Excerpted records:
[Start of section]

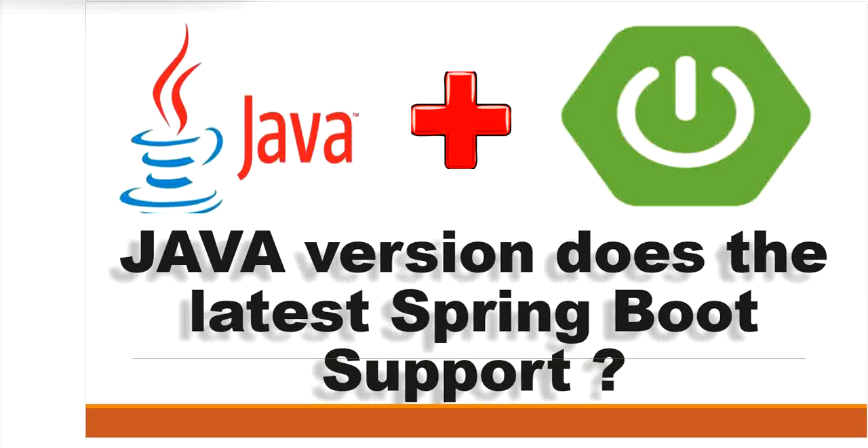Hello, welcome to this channel 'Gain Java Knowledge.' Today in this video I will tell you what Java version the latest Spring Boot supports. The current stable version as of December 2022 is Spring Boot 3.0.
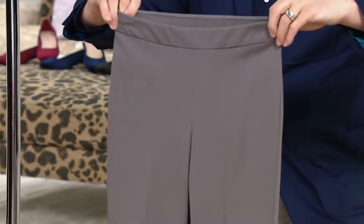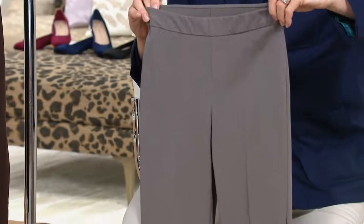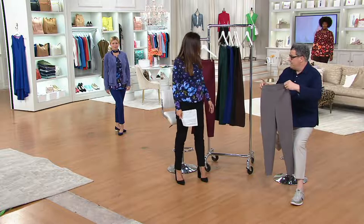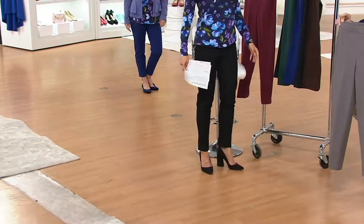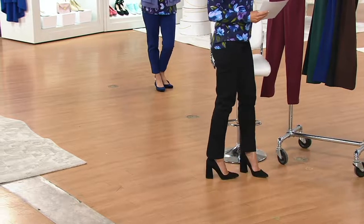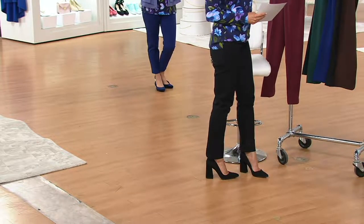It's an ankle length. In the regular length, she's at 5'5" wearing a heel, and see where they hit at the ankle. They come in petites as well and talls.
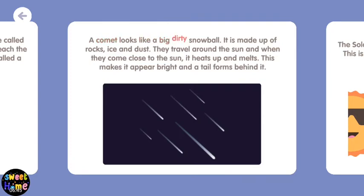A comet looks like a big dirty snowball. It is made up of rocks, ice, and dust. They travel around the sun and when they come close to the sun, it heats up and melts. This makes it appear bright and a tail forms behind it.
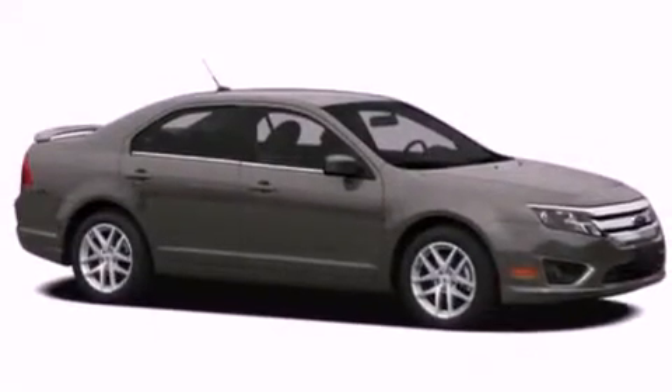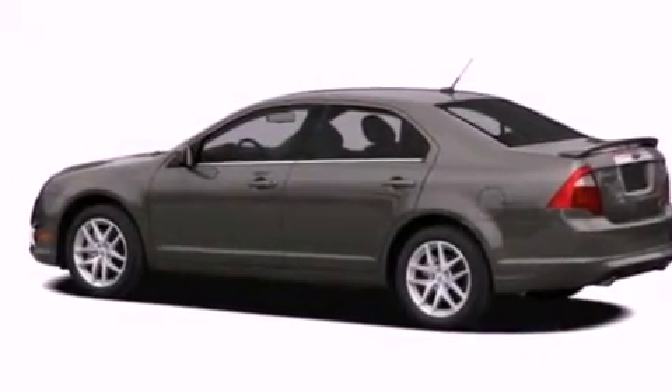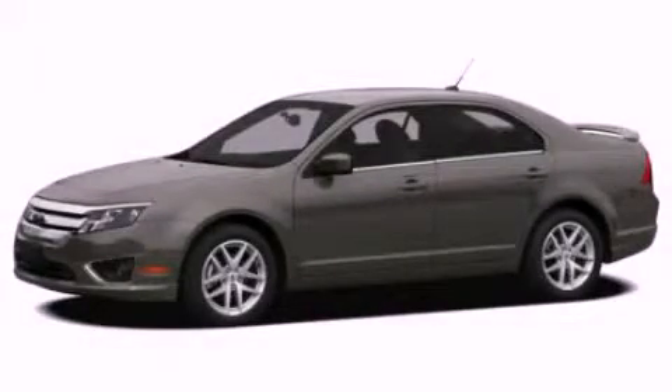With an EPA estimated rating of 33 miles per gallon on the highway, it's easy to see how you can save. Stop by today and test drive this automobile for yourself.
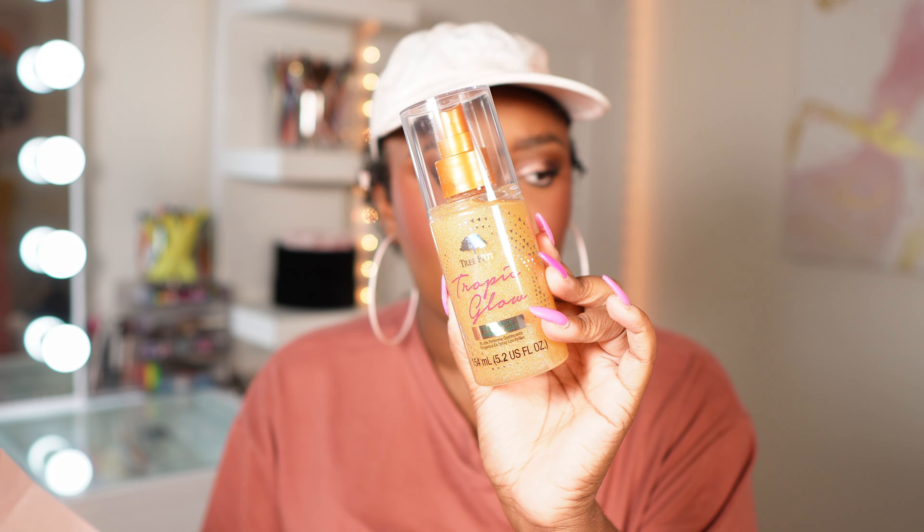This was something I was not originally going to buy, but they had a display at Ulta and I sprayed it and it looked beautiful. This is the Tree Hut Tropic Glow Shimmering Mist. I like to wear a lot of shirts that show my chest and shoulders, and I just feel like this is going to look so beautiful — a nice little glow. I'm excited to try this out.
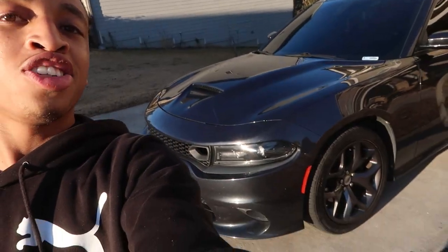Make sure you guys hit that subscribe button. It's been so long — some of you guys don't even know I cut my dreads off. But let me get into what I have bought. I'm glad I made this purchase and I hope you guys enjoy the content coming soon. What I just bought at 17 years old is a Dodge Charger.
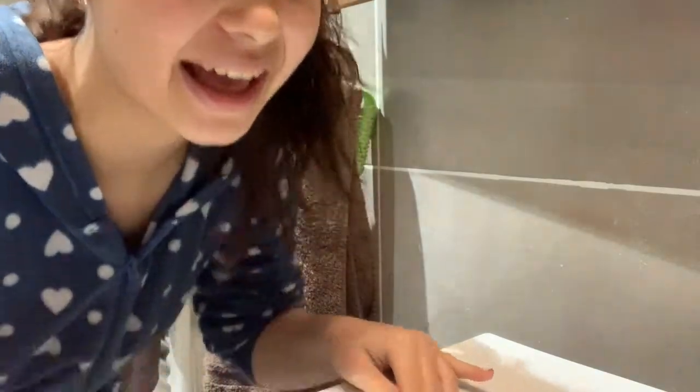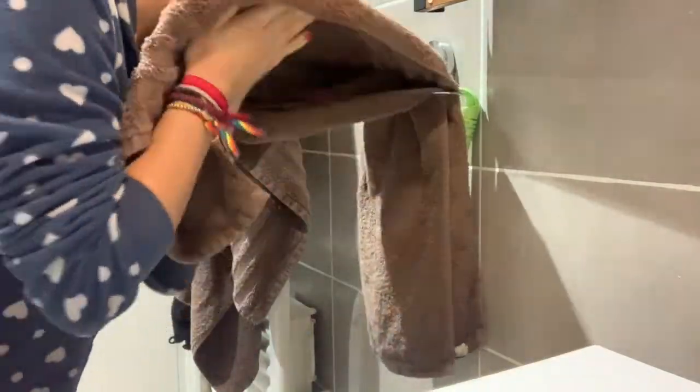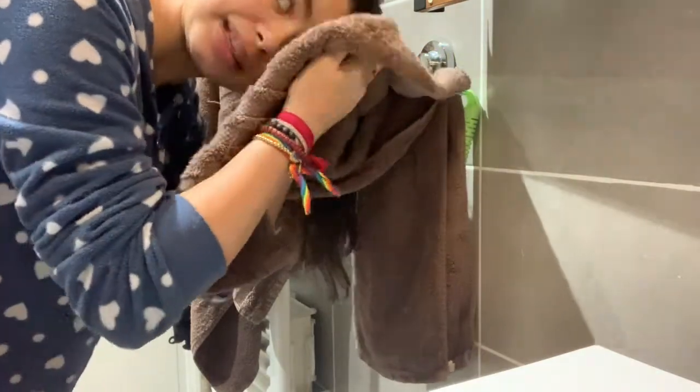Okay, here's my sink. I'm just going to pat my face dry. I know you're supposed to use a separate towel for your face, but I cannot be bothered to do that, and I haven't had any problems, so for now we're keeping it at this.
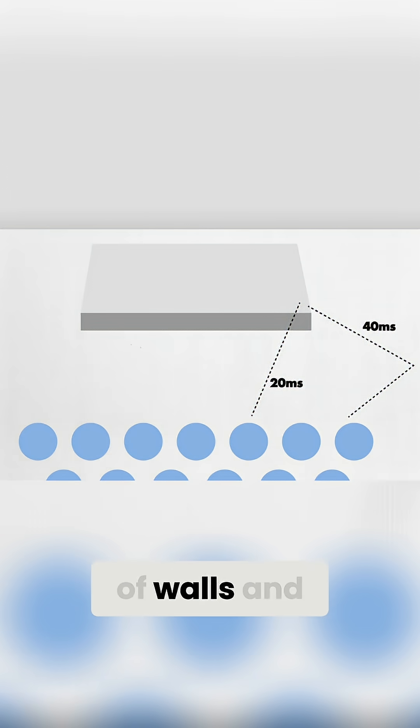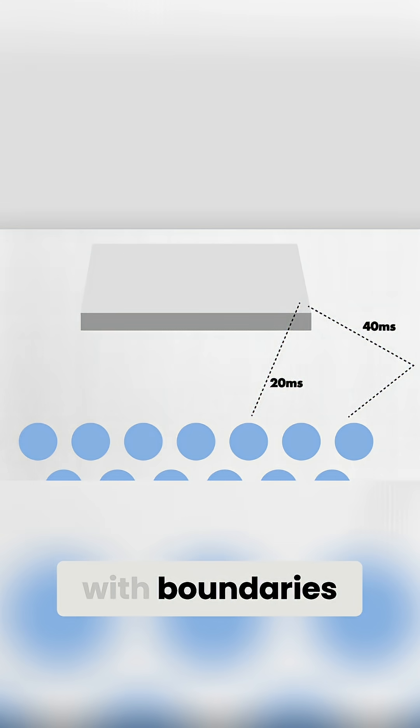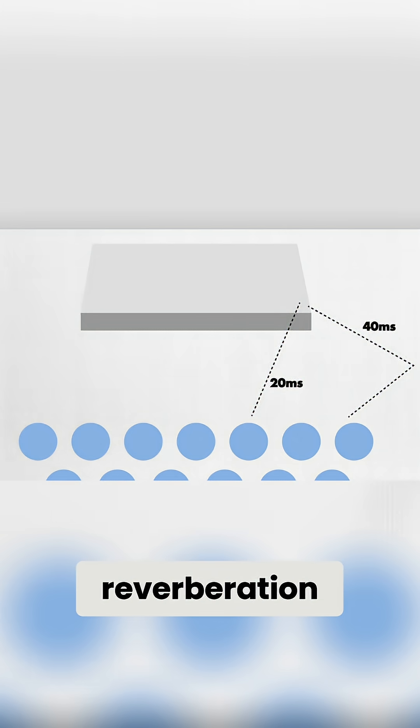When sound reflects off of walls and ceilings, it will reach the audience slightly later than the direct sound, and the spectral balance could also be changed as it interacts with boundaries. And all of that could make for a muddy sound and extra reverberation.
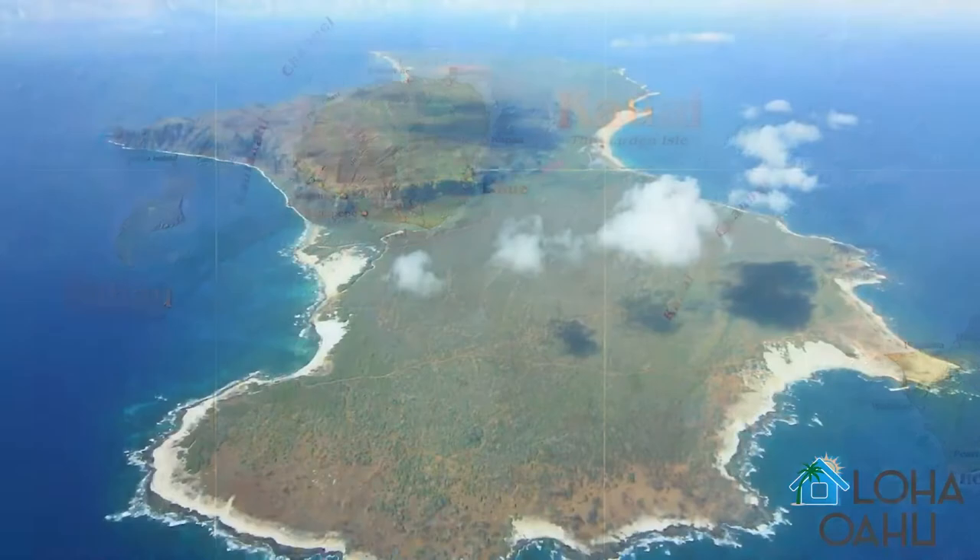There are eight primary islands out of a total of 137. So Jen, what are the first three islands?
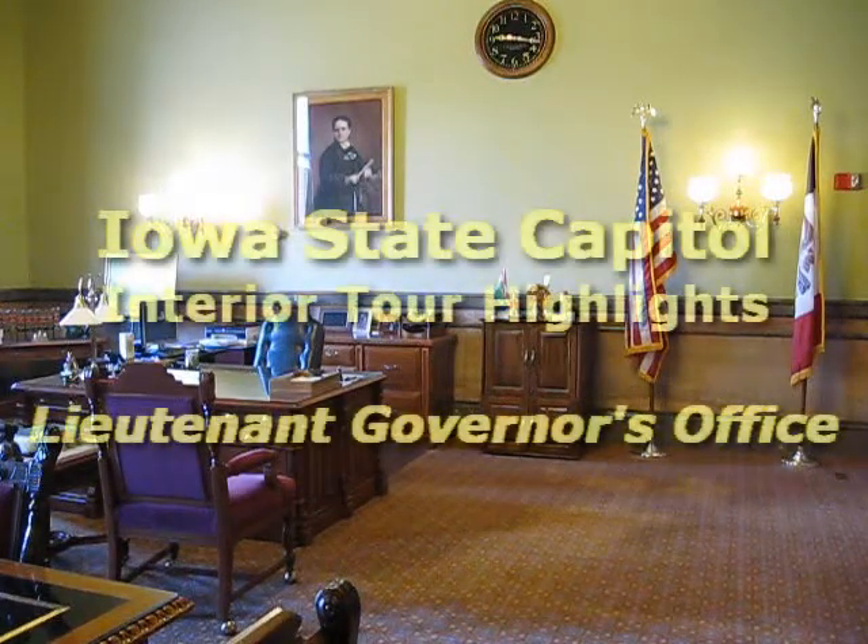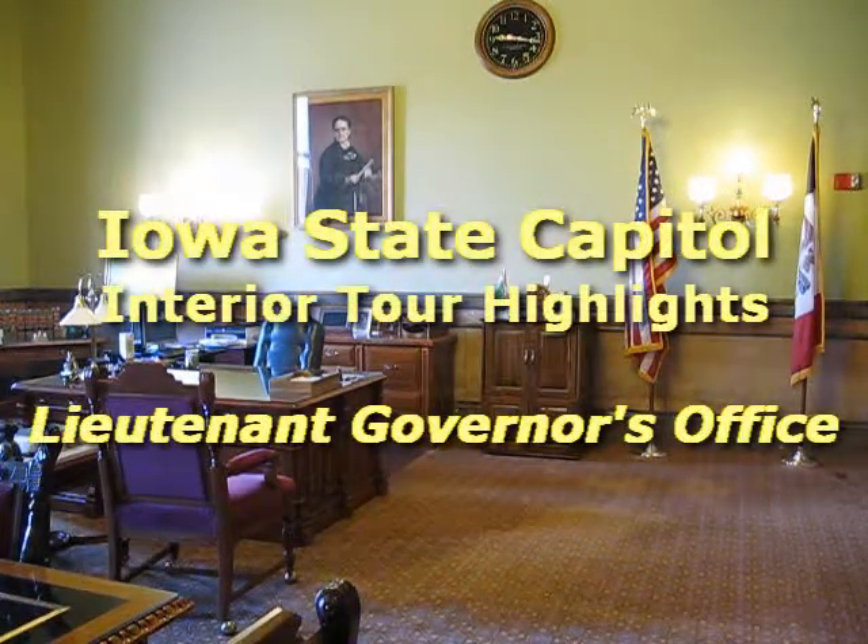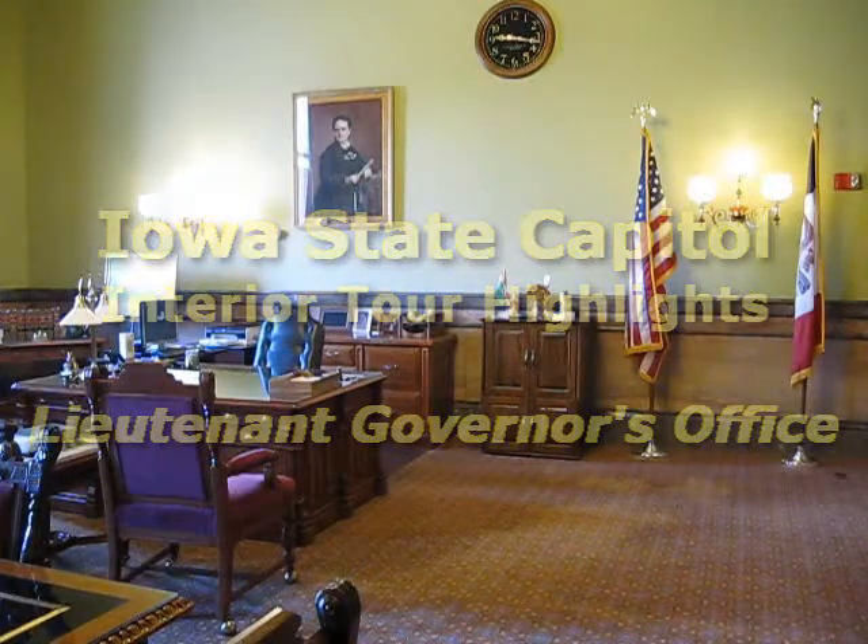Iowa's Lieutenant Governor occupies the space within the Governor's suite of offices on the first floor of the Capitol. In 1885, this room was used as the Governor's business office.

[End of section]

Work item: The expected output is the lines above from the one containing "A comet looks" to the one containing "Okay, here's my", both ends included, reproduced exactly with every picture left out.

Response:
A comet looks like a big dirty snowball. It is made up of rocks, ice, and dust. They travel around the sun and when they come close to the sun, it heats up and melts. This makes it appear bright and a tail forms behind it.
With an EPA estimated rating of 33 miles per gallon on the highway, it's easy to see how you can save. Stop by today and test drive this automobile for yourself.
This was something I was not originally going to buy, but they had a display at Ulta and I sprayed it and it looked beautiful. This is the Tree Hut Tropic Glow Shimmering Mist. I like to wear a lot of shirts that show my chest and shoulders, and I just feel like this is going to look so beautiful — a nice little glow. I'm excited to try this out.
Make sure you guys hit that subscribe button. It's been so long — some of you guys don't even know I cut my dreads off. But let me get into what I have bought. I'm glad I made this purchase and I hope you guys enjoy the content coming soon. What I just bought at 17 years old is a Dodge Charger.
Okay, here's my sink. I'm just going to pat my face dry. I know you're supposed to use a separate towel for your face, but I cannot be bothered to do that, and I haven't had any problems, so for now we're keeping it at this.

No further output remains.